9. f(x) = (1+x)^0.3/1+x^0.3 in the interval [0,1] is attained at x equal to: A. 1 B. 2^0.7 C. 2^-0.7 D. 0 Ans. A Please give explanation???

1 Answer
Jun 11, 2018

The minimum of this function on #[0,1]# is #f(1)=\frac{2^0.3}{2}# , using the Closed Interval Method.

Explanation:

The question doesn't seem complete, but I imagine you are looking for extrema of the function #f(x) = (1+x)^0.3/(1+x^0.3)# on #[0,1]#, specifically, where the absolute minimum is reached.

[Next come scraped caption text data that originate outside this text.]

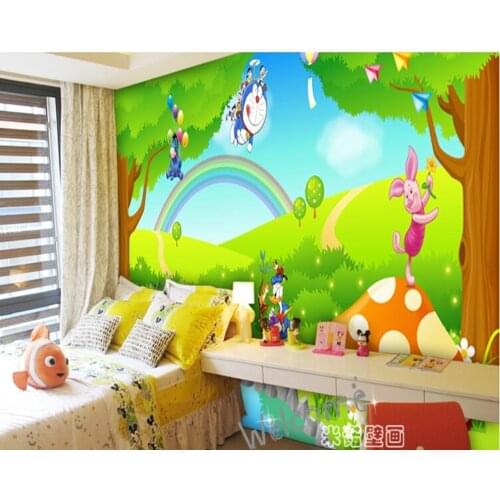 Custom childrens Wallcoverings cartoon mural for baby room bedroom living room Background wall Home Decoration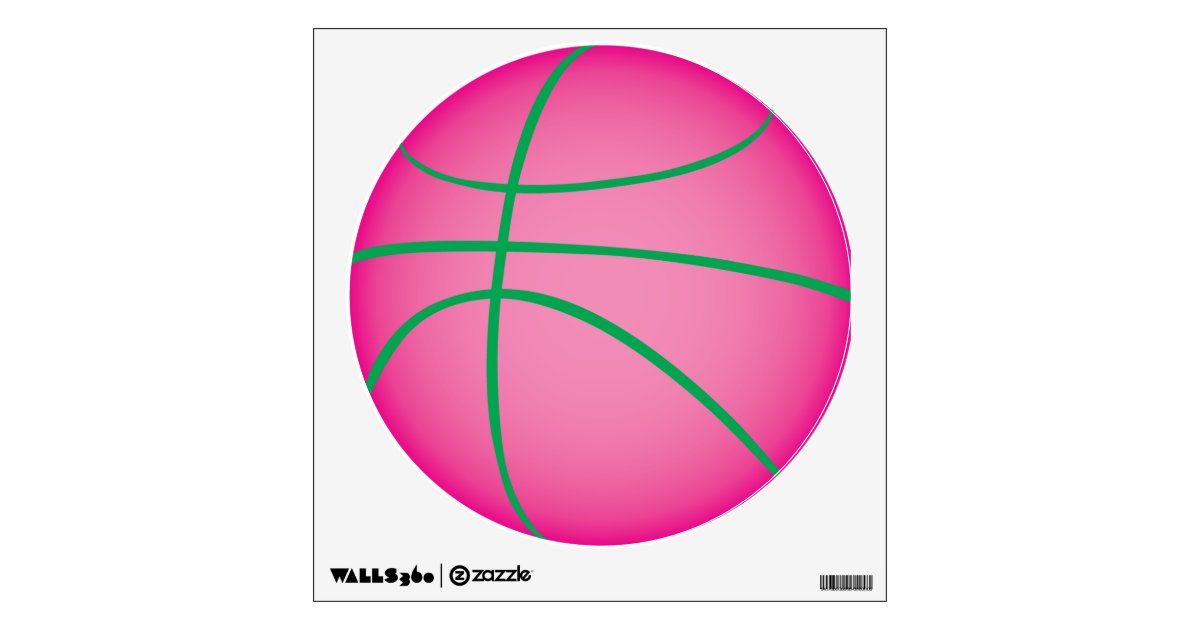 Pink Basketball Wall Decal Zazzle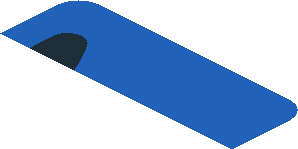 ~Sticker  0.8 x  1.9 with Headlamp on Red Background Right - First Face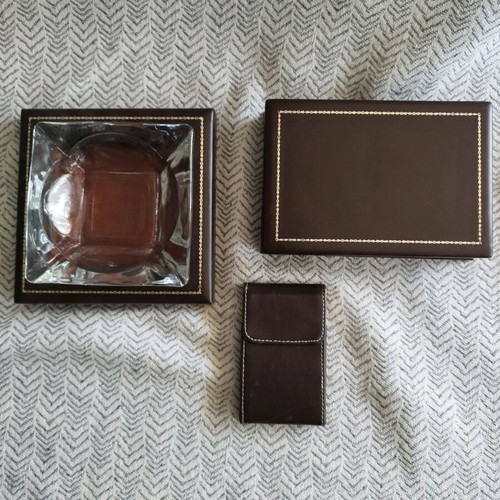 Cigar case and ashtray new with free tobacco pouch
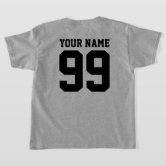 Girls Soccer Custom Team, Player, Number & Color T-Shirt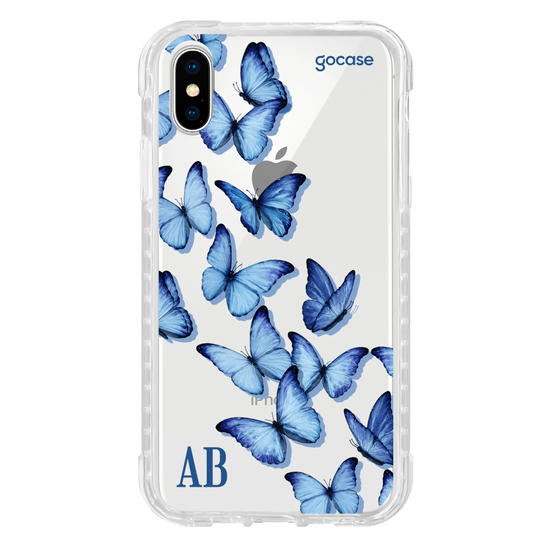 Capinha para celular  Borboletas Azuis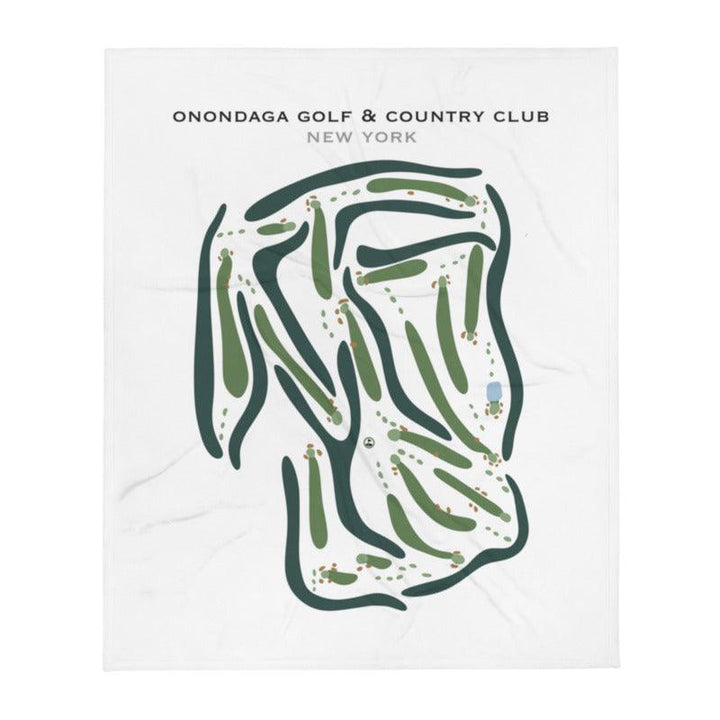 Onondaga Golf & Country Club, New York - Printed Golf Courses - Golf Course Prints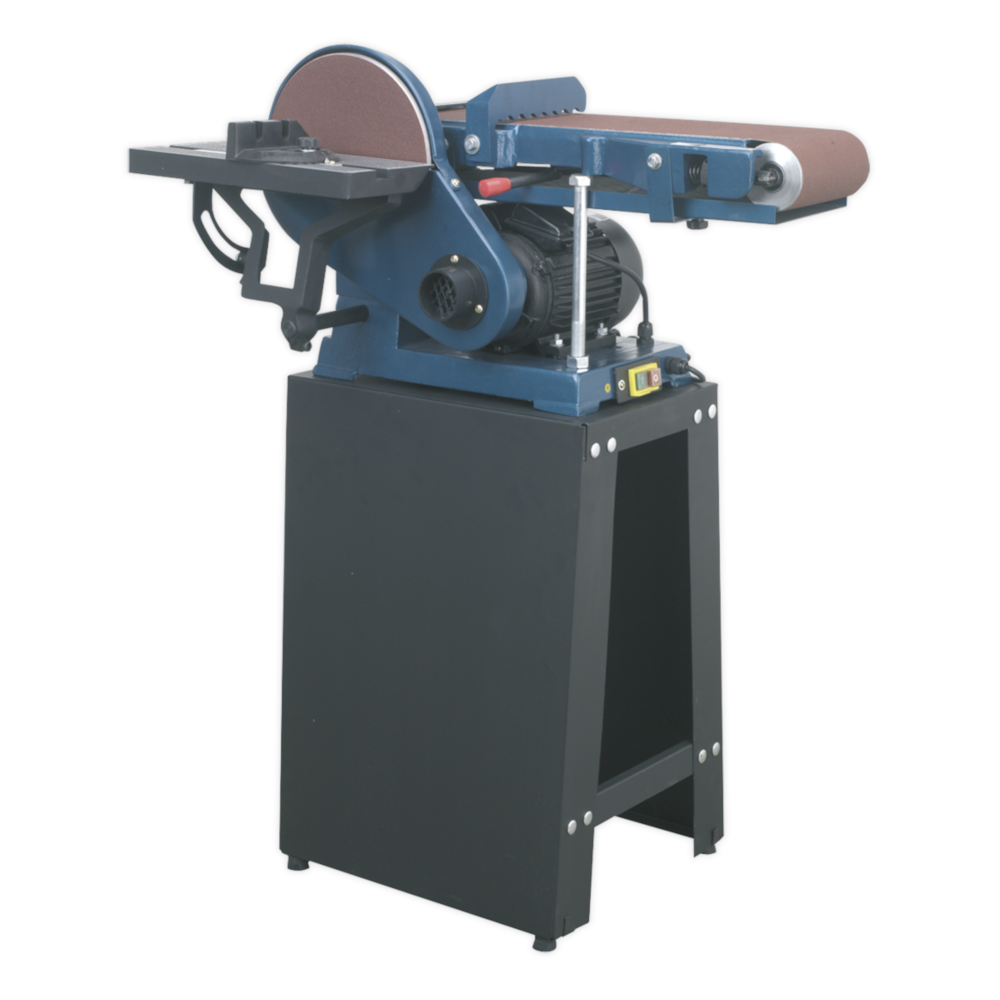 Belt/Disc Sander, Floor Standing, 1220 x 150mm/230mm, Workshop DIY Sealey SM15 B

We know (Closed Interval Method ) that these may occur at the end points, or at critical values inside the interval #(0,1)#.

Since #f'(x)=\frac{0.3(1+x)^{-0.7}(1+x^0.3)-0.3x^(-0.7)(1+x)^0.3}{(1+x^0.3)^2}#
using the Quotient Rule , we see that #f'(x)=0# if #(1+x)^{-0.7}(1+x^0.3)-x^(-0.7)(1+x)^0.3=\frac{1+x^0.3}{(1+x)^0.7}-\frac{(1+x)^0.3}{x^0.7}=0#, that is, if
#x^0.7(1+x^0.3)-(1+x)^0.7(1+x)^0.3=0#, equivalently, if
#x^0.7+x-(1+x)=0#, that is, if
#x^0.7=1#, equivalently, #x=1#.

In other words, there is no critical point in #(0,1)# and extrema can only occur at 0 and 1. Moreover, #f(0)=1# and #f(1)=\frac{2^0.3}{2}\approx 0.6#.